The FBI is depending largely on its first-ever recording of a blood initiation ceremony for new Mafia members to win its case against 21 reputed organized-crime figures named in newly unsealed indictments.
"It should lay to rest once and for all any doubts that La Cosa Nostra is a figment of law enforcement imagination," Attorney General Richard Thornburgh said, announcing the indictments at a news conference.Thornburgh said the FBI had driven a "stake in the heart" of the crime family headed by reputed New England mob boss Raymond "Junior" Patriarca, by seizing at least 15 of the 21 suspects, including Patriarca.
But federal agents also warned that organized-crime members in other cities might try to kill Patriarca and other New England Mafia leaders over their unwitting revelation of the ceremony, reports said Tuesday.

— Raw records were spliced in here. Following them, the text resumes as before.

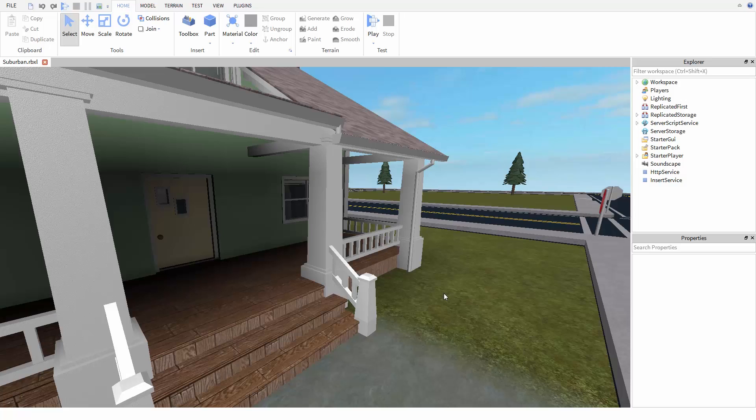In the previous video, we looked at how to create a revolving door using hinge constraint. Let's see what else we can do with hinges to make a traditional swinging door.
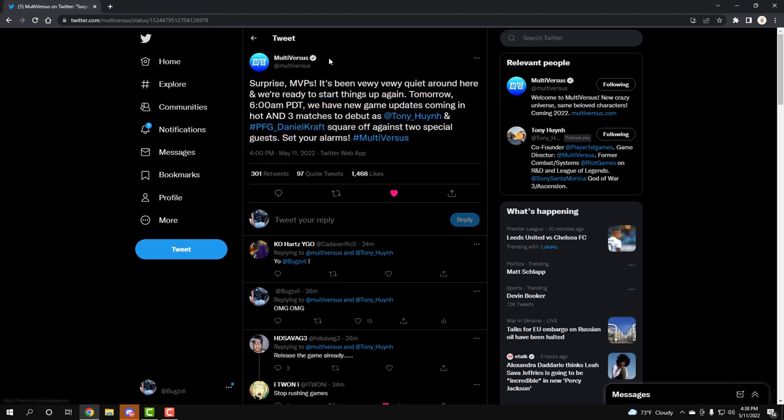But finally, the people that hasn't been a play tester is finally going to see some nice and beautiful gameplay. Not no 30 second, not no trailer. Full 3 matches of gameplay of Multiverses.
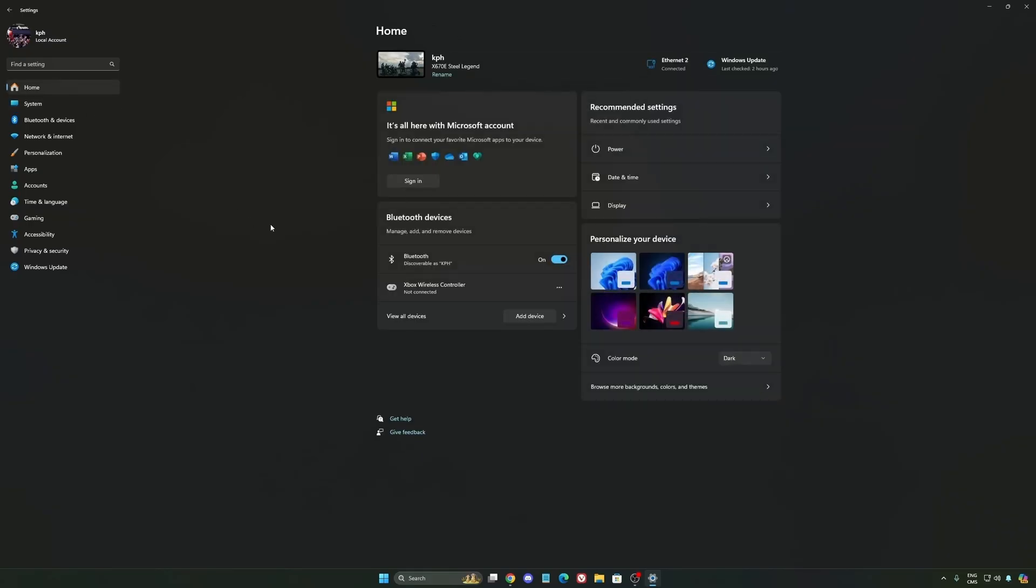Some other recommendations: make sure your XMP profile is activated if you have it on your BIOS. Super important.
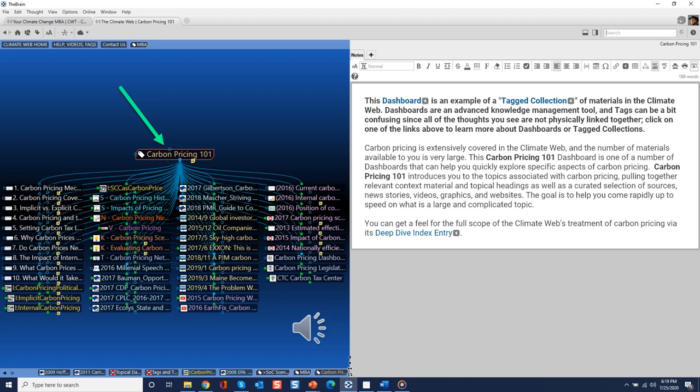You can recognize a tagged information collection in the Climate Web by the tag icon. The thoughts you see in such a collection are pulled together via the tag rather than by physical links.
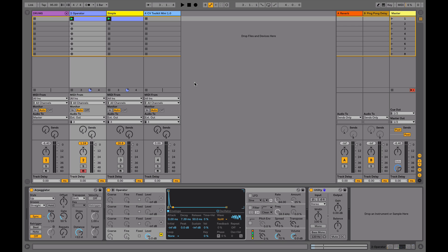Hi, this is Alan Gleeson for ADSR, and today we'll be looking at how to sync a modular synth to Ableton Live.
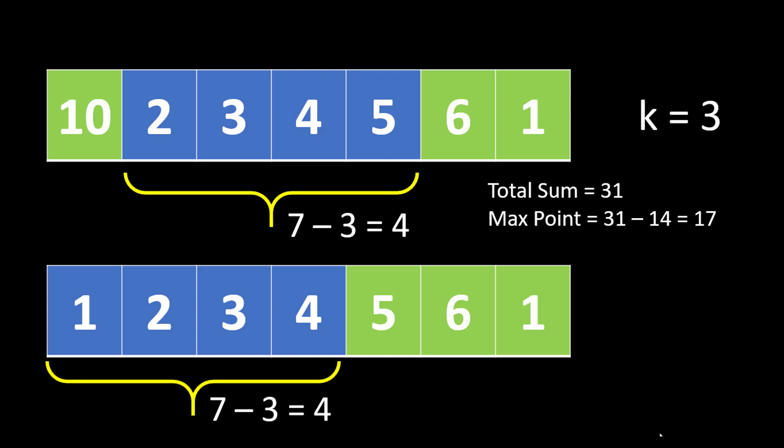When we apply the same logic on the below array as well we get the same result. The total sum is 22. Max point will be 12 which is 22 minus 10, 10 being the sum of the unpicked cards. And by the condition given with the problem we can see that these unpicked cards will be in a contiguous sequence. So we need to find a contiguous sub array in this array which gives us a minimum sum. This sub array should be of length n minus k. We can subtract that value from the total sum and get the maximum sum that we can get by picking up exactly k cards.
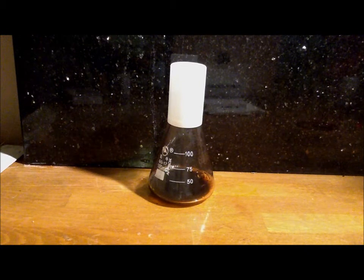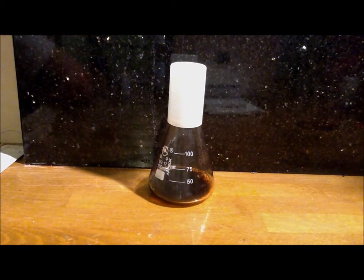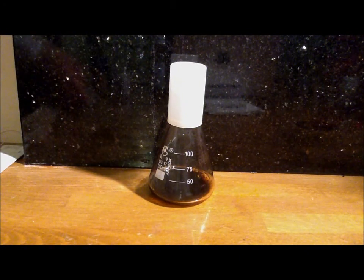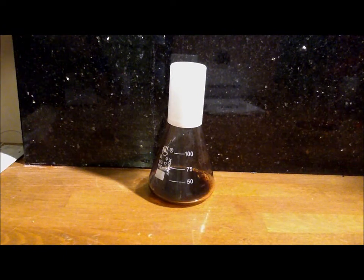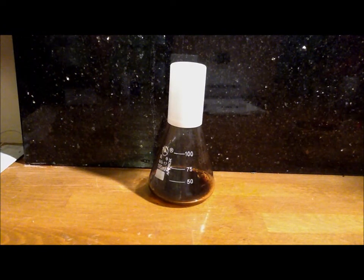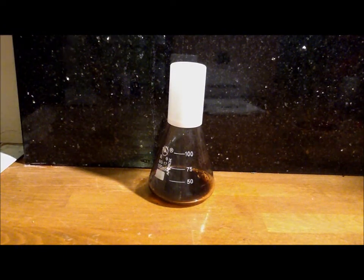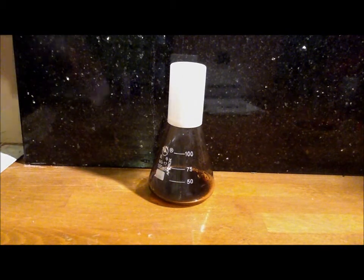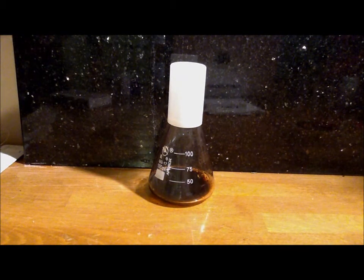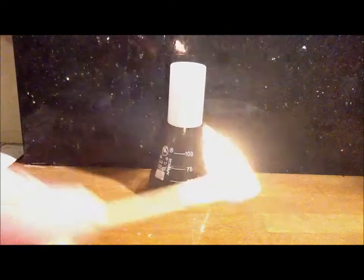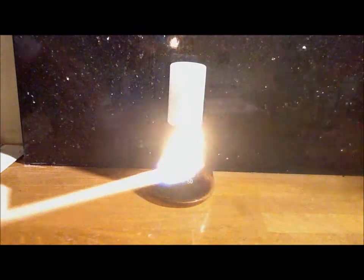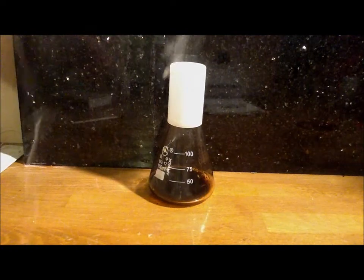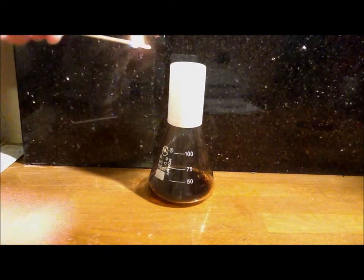Then you need to light your splint. Then you need to blow it out and then re-light it in the conical flask.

"They have made a monumental mistake," Thomas Hughes, director of the city FBI office told the Boston Herald. "La Cosa Nostra has hit - murdered - people for much less than allowing the FBI to eavesdrop on an induction ceremony for new members."

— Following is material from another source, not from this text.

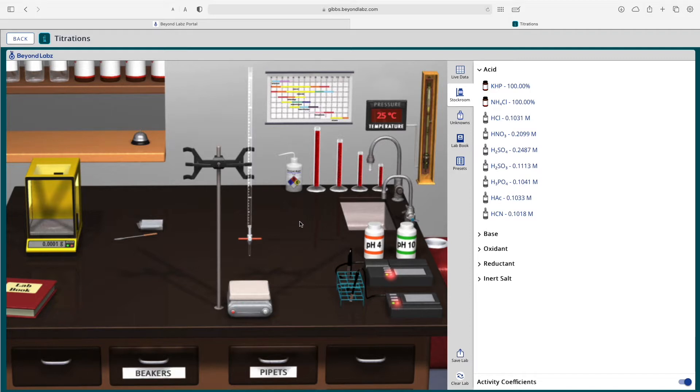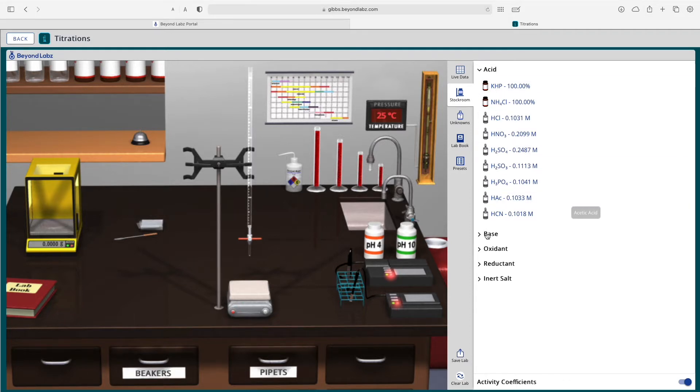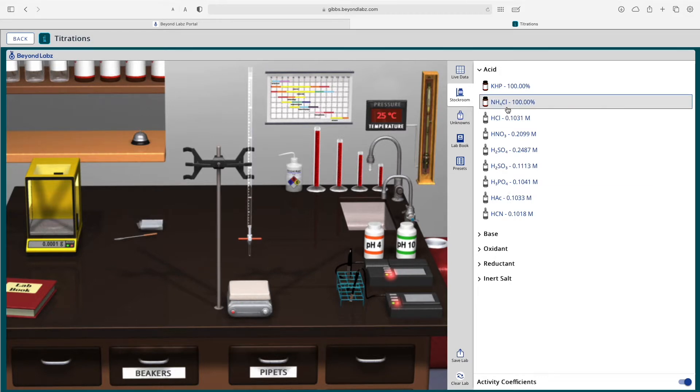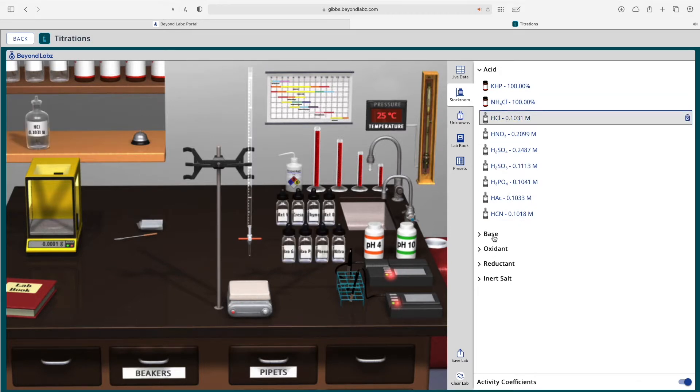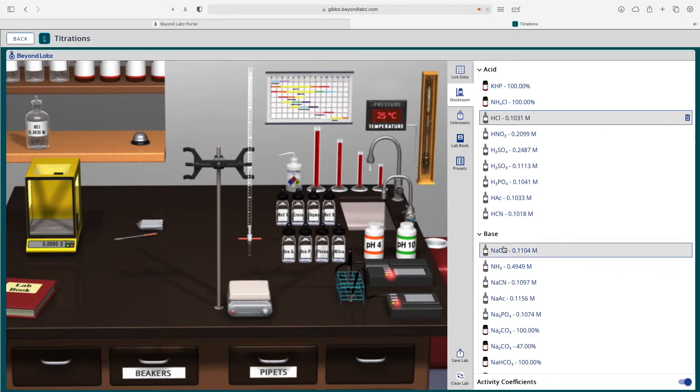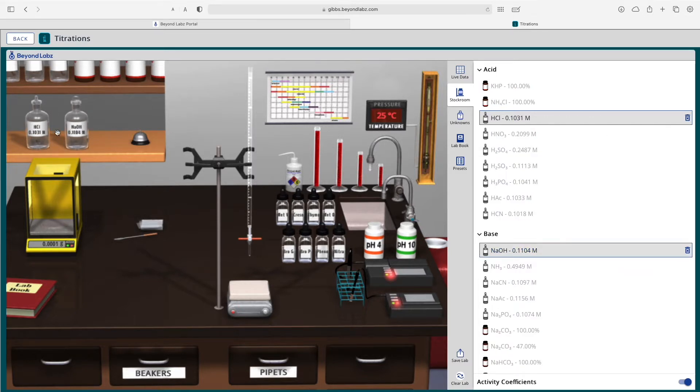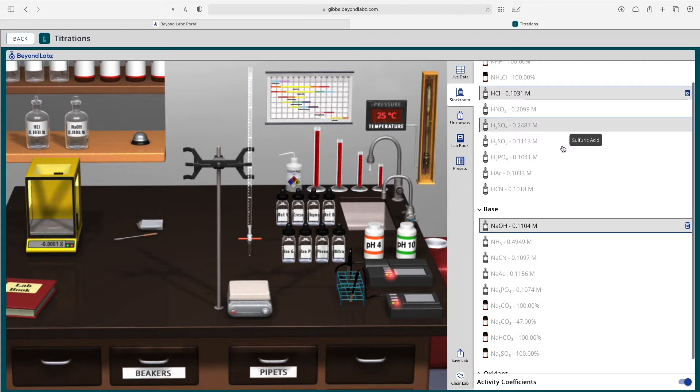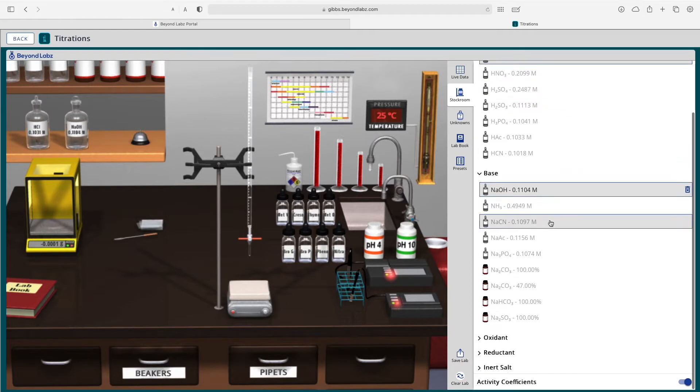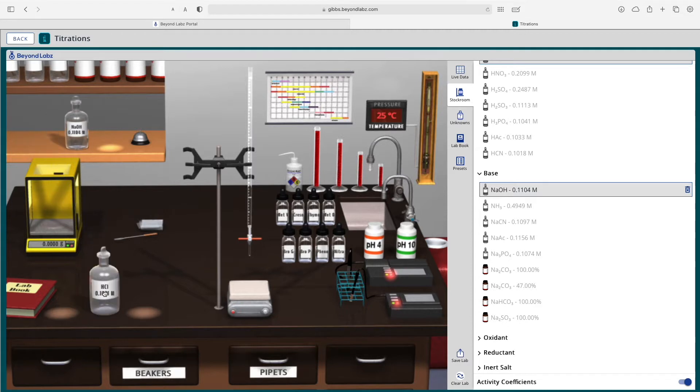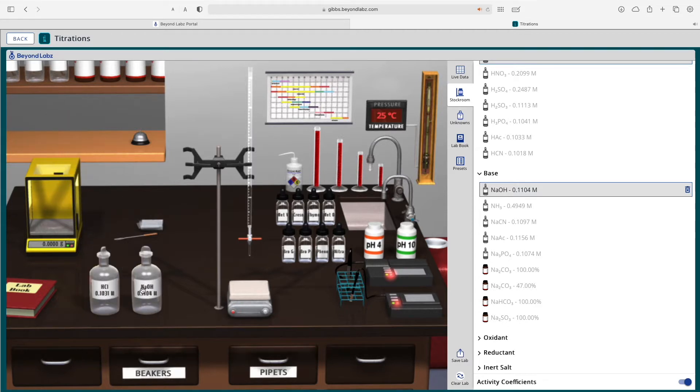To get started in the titrations laboratory, you will probably want to get an acid and base or perhaps an oxidant and reductant or even an inert salt. I'm going to select hydrochloric acid and sodium hydroxide, and those solutions or compounds that you pick will be placed on the stock room counter. You can have two at a time in the titrations laboratory and you can drag them down to the lab bench.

The induction rite, mentioned in each of the indictments unsealed Monday, was recorded by an FBI bug last Oct. 29 at a house in Medford, Mass., agents said. Seventeen members of Patriarca's organization were in attendance.
The suspected mobsters were named in three indictments listing 113 separate counts, including murder, extortion, kidnapping, illegal gambling and drug running, Thornburgh said.

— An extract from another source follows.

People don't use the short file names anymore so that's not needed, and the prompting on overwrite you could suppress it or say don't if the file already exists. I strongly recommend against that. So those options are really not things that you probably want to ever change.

According to government documents, Patriarca presided over the ceremony which included drawing blood from the inductees' trigger fingers. Boston's Biagio DiGiacomo began it, saying, "In honor of the family, the family is open."
He then administered, in Italian, the following oath to each of the soldiers: "I want to enter into this organization to protect my family and to protect all my friends. I swear not to divulge this secret and to obey, with love and silence."